I have to take a number of trains, always a loaded affair in this country. Trains and train tracks have been the most potent visible symbol of the Final Solution. At the same time, the great metropolitan train stations of my youth, like the one in Hamburg, with its loudspeaker announcements of destinations like Paris, Barcelona, Rome, Vienna, Prague, held the promise of the ultimate exit, the way out, the chosen exile from Germany even long after the Holocaust, in the years of my coming of age. It says something about change that nowadays, the once impeccable order of German train traffic resembles improvised chaos. Trains are fast; you can cross the entire country in a few hours and everyone nowadays does. The crowded stations, trains, platforms have become a new nightmare of masses moving at any time, any day.

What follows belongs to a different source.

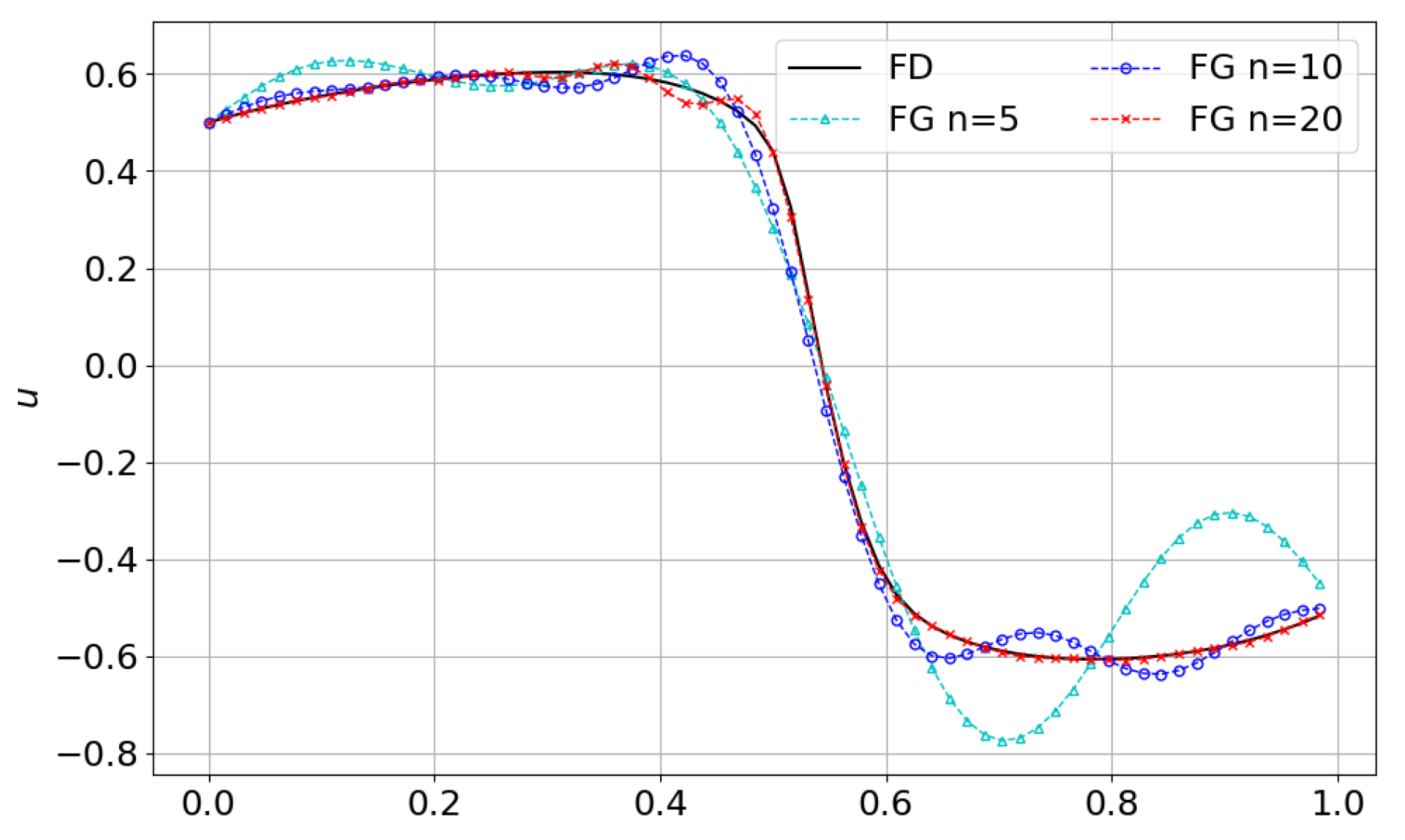 Mathematics 13 00500 g018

I arrive back from my Stolperstein walk to journey on to Frankfurt. Crowds of rowdy youth seem to haunt every big station; this time the hall reverberates with howling, roaring male voices. Throngs of young men press onto the stairs to a platform, shouting. It's the platform of the trains to Munich. Is this about the Oktoberfest? I do not like those sounds; I notice some death heads on T-Shirts; beer bottles swinging in hands. I can't hear the mass roaring of male voices without hearing Sieg Heil! I am instinctively relieved when I notice countless policemen positioned everywhere around the platform, in fact, around the entire station. They look inconspicuous, with baseball caps and sports bags. You could mistake them for the travelers until you notice the police lapels and taser guns at their belts. Like with the stones: once you notice them, you see them everywhere.

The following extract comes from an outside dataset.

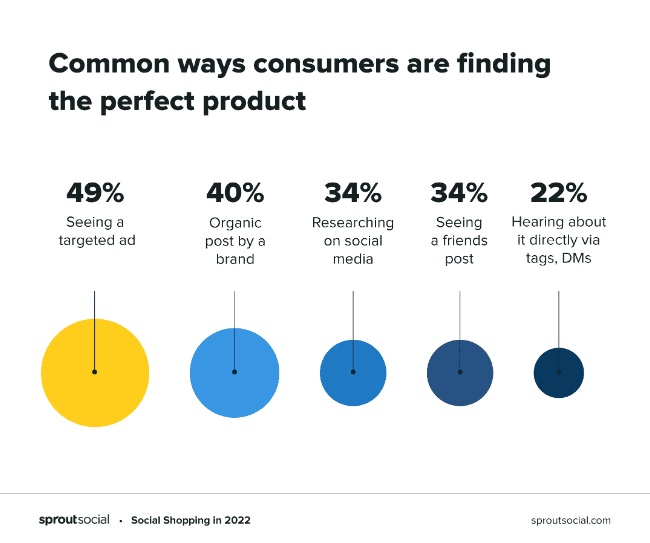 How consumers are finding the perfect products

I ask an officer, a sweet-faced guy looking barely eighteen. He explains that this is a train to Bremen, to a soccer event. When the roaring crowd has finally squeezed into the train, the police officers squeeze in just before the doors close. My relief changes back to ambivalence. Hundreds of policemen for one soccer train?

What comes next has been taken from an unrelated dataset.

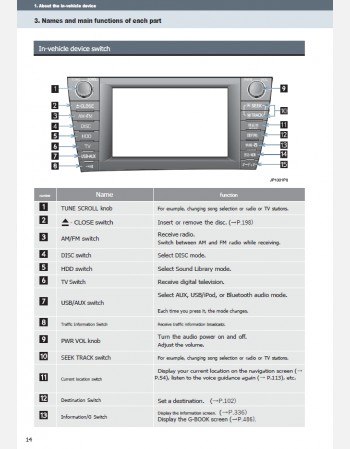 toyota prius 2011 2012 2013 2014 & 2015 navigation infotainment system manual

My train to the Frankfurt airport does not seem to need a police contingent. On this ordinary weekday noon the train is packed so that people can't get to their reserved seats. There is an atmosphere of stuck impatience, of tiny kids trapped between suitcases and backpacks. Friends press together into one seat; people stand in the aisles, sit on the floor everywhere. Reports about delays, missed connections are exchanged. After an hour, the train stops shortly before a station. A male voice explains over the speakers that we are two minutes early and have to wait, alas, to enter the station. People laugh and crack jokes. This seems to be a déjà vu. It doesn't take long and we stop again, this time in the middle of nowhere. The voice announces a technical defect. More laughter, a number of sighs. Twenty minutes later, "we" are still working on the problem, but the voice encourages us to "durchhalten", to endure with optimism. The compartment erupts in merriment and applause about the choice of words. But now more anxious phone calls are being made. Some travelers are raising their voices, cursing. Strangers start complaining to each other. The tension is rising.
I wonder what it would be like to be trapped here, in a train, in an apartment, a city, a country with closed borders, a police state. I feel what I feel every time I leave Germany. Relief that I will soon be on an airplane crossing the Atlantic. Adieu, Heimat. As long as there is a way out.